- **Data extracts**
--- --- ---
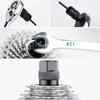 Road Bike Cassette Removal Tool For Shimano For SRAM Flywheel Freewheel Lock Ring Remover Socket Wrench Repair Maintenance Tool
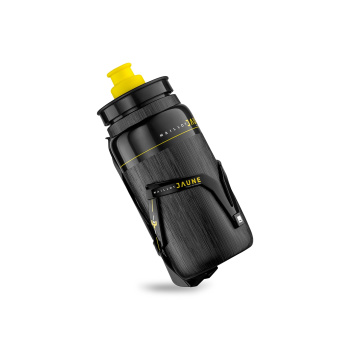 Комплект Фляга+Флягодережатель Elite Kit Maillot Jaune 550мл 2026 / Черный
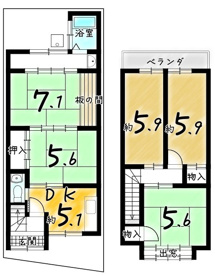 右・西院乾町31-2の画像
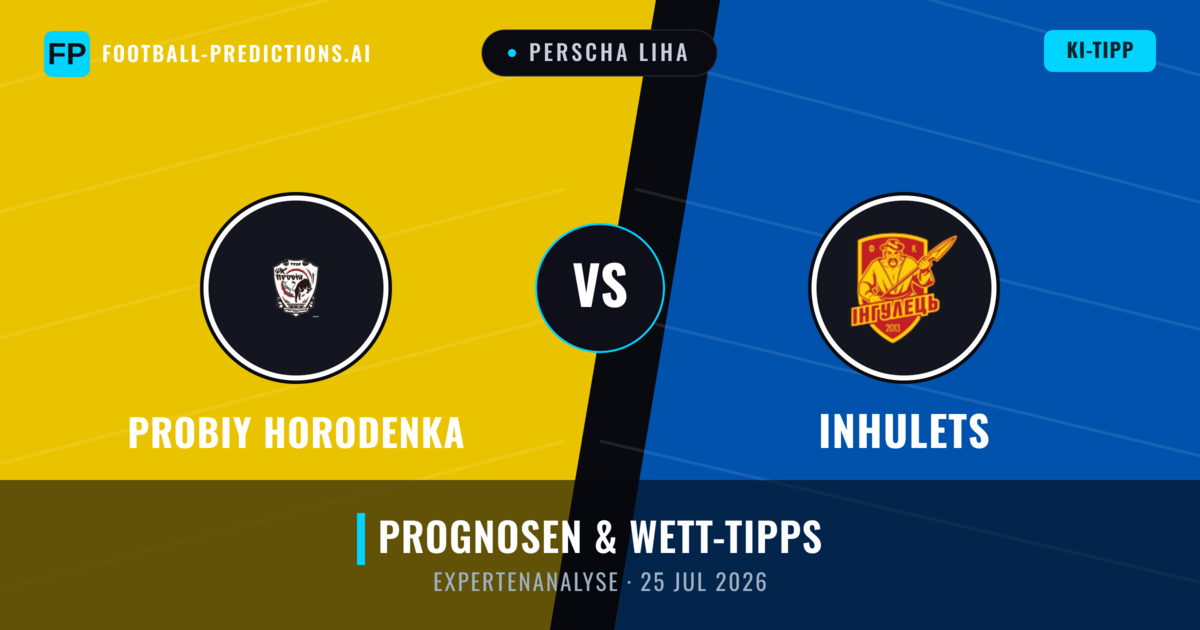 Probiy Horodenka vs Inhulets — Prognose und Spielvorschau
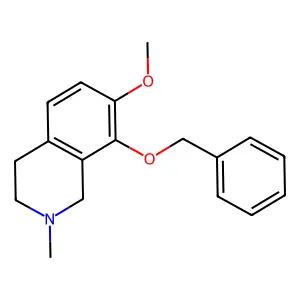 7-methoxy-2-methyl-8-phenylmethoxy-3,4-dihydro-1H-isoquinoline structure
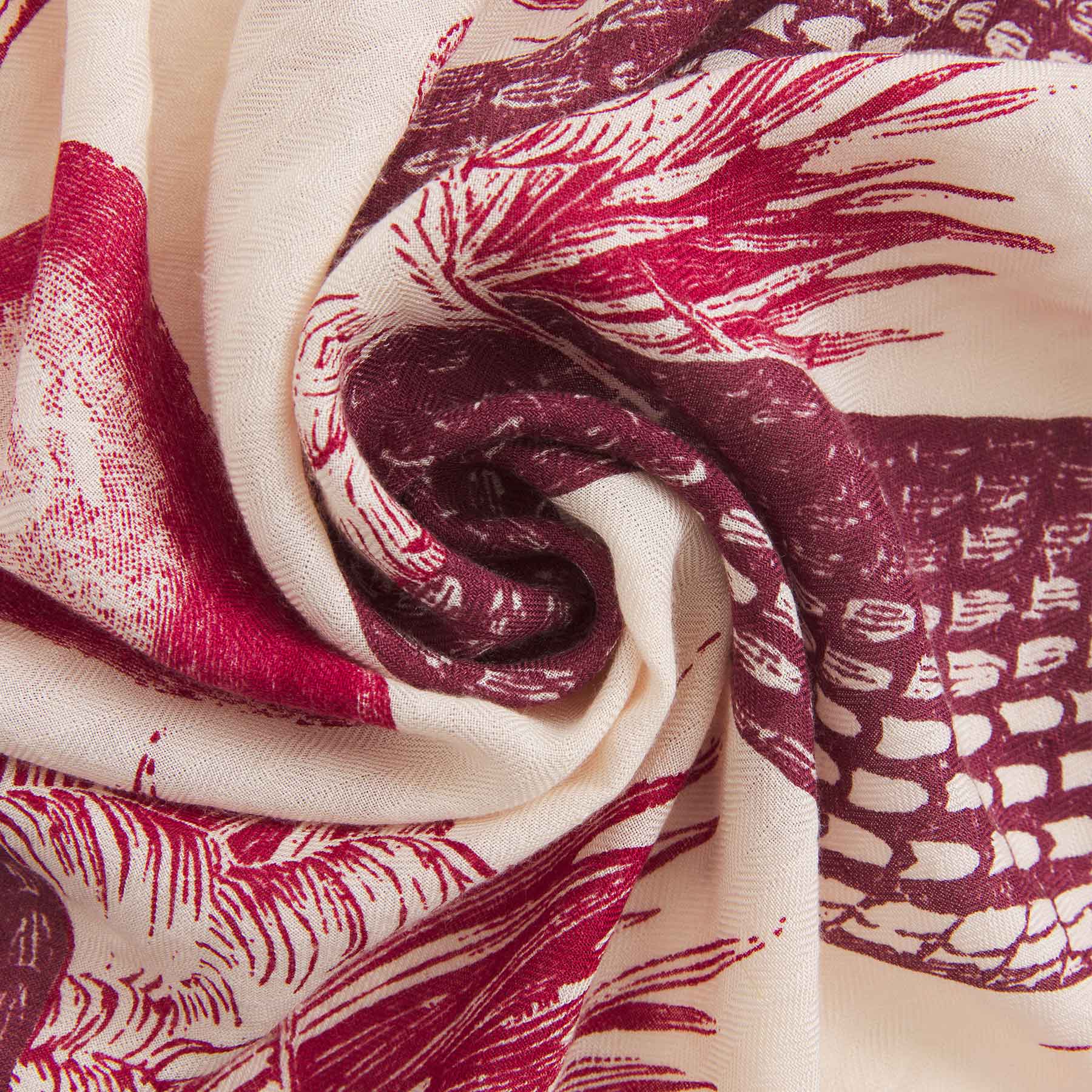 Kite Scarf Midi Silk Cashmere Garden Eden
--- --- ---
- **Problem to work on**
Word for word, copy the lines from the one with "Комплект Фляга+Флягодережатель Elite" through the end of the entries above, and do not include any picture.

- **Worked solution**
 Комплект Фляга+Флягодережатель Elite Kit Maillot Jaune 550мл 2026 / Черный
 右・西院乾町31-2の画像
 Probiy Horodenka vs Inhulets — Prognose und Spielvorschau
 7-methoxy-2-methyl-8-phenylmethoxy-3,4-dihydro-1H-isoquinoline structure
 Kite Scarf Midi Silk Cashmere Garden Eden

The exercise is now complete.